そのことがあってから、おけいは毎晩のように虎之助の部屋へ忍んだ。いちど男を知っている女との悦楽は、若い虎之助にとってはね返すすべのない魅惑であった。
 十八歳のたくましい肉体はしびれるような官能のうねりに、たちまち溺れた。
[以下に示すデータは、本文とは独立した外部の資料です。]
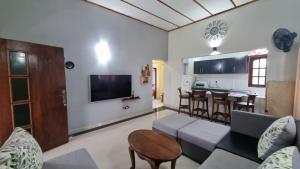 a living room with a couch and a table at Ralph recedency in Kochchikade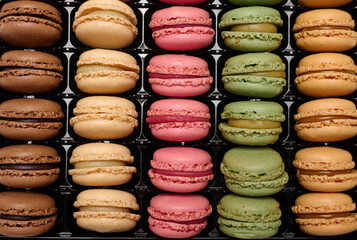 Multi-colored macarons in a plastic box, top view.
半年ほど経ったある夜。
「虎之助さま」
闇の中のまだ熱気の醒めない男の首に、両腕を絡ませながらおけいがささやいた。
「うむ」
終わった後の気だるさに、ぼんやり宙へ瞳を向けている男の耳へ、唇を近づけ、
「赤児(やや)ができました」
かすかな笑いを洩らして虎之助の耳を優しく噛んだのである。
「な、なに!」
はね起きようとする男の首に回した腕に、力を籠めたおけい。
「虎之助さま。うれしい」
体の重みを預けた。頬に触れる長い睫毛の感触。滴り落ちる熱い涙。しばらく息を飲んだまま白い輪郭を眺めていた虎之助。いきなり息の根の止まるほど抱きしめた。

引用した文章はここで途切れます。